The BMW 128i Is a Criminally Underrated Endurance Race Car
The 128i has less power than the 135i but fewer headaches.
We may earn revenue from the products available on this page and participate in affiliate programs. Learn more ›
There are plenty of older BMWs that are excellent for hooning around a track. Many drivers reference E46-and-older models as the go-to options, while the 1-Series, specifically the the E82 128i, is often overlooked. The 135i usually gets all the attention for this chassis and generation, despite the 128i seeing a good amount of success in the IMSA Continental Tire Sports Car Challenge around 10 years ago.
When it comes to reliability, however, the 135i gets all the guff.

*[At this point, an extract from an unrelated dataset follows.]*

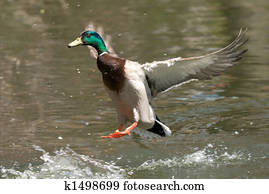Duck landing on water Duck landing on water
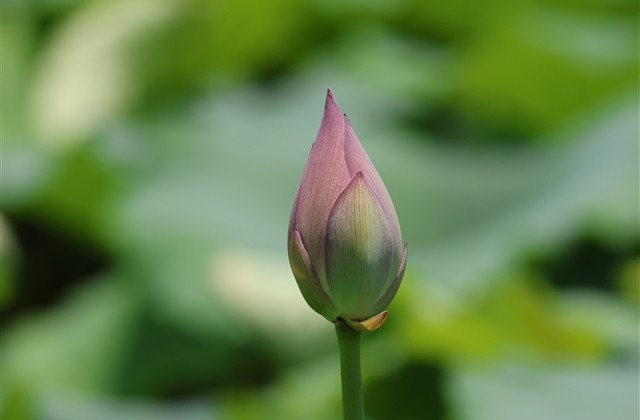 五个字好听的游戏名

Its complex twin- and single-turbo N54/N55 engines can be the source of tremendous heartbreak—just ask my poor colleague Chris Rosales about that.
But the 128i is largely missed by such reliability concerns. That’s because it uses a naturally aspirated N52 inline-six engine, thus doing away with all the forced-induction complexity and heat. This makes it a great track car and it's one of the reasons why I chose the 128i as my own personal car back in March. I've been infatuated with it ever since.
To get the scoop on the 128i's club racing potential, particularly in the National Auto Sport Association (NASA) Western Endurance Racing Championship (WERC), I hit up some folks who've successfully campaigned one for many years, HQ Autosport (HQA) based in Escondido, California.
Endurance Racing Success Is a Good Measuring Stick
HQ Autosport has been in the motorsports game for a long time. Its members have a lot of experience under their belts wrenching on and racing BMWs, and it's amounted to a lot of winning. A while back I corresponded with them over Facebook Messenger and email to get some more insight into their racing program, as well as why they chose the E82 128i as one of their platforms for it.
“We’ve won the NASA 25 Hours of Thunderhill, the NASA 6 Hours of Utah (three times running), and the NASA WERC Series Championship in the E2 class for the last three years” reports Rob Henretta, member of the team. In fact, the team recently competed in the 6.5-hour 2022 NASA WERC Seaside Cup at Laguna Seca, following its 2022 Championships the weekend prior.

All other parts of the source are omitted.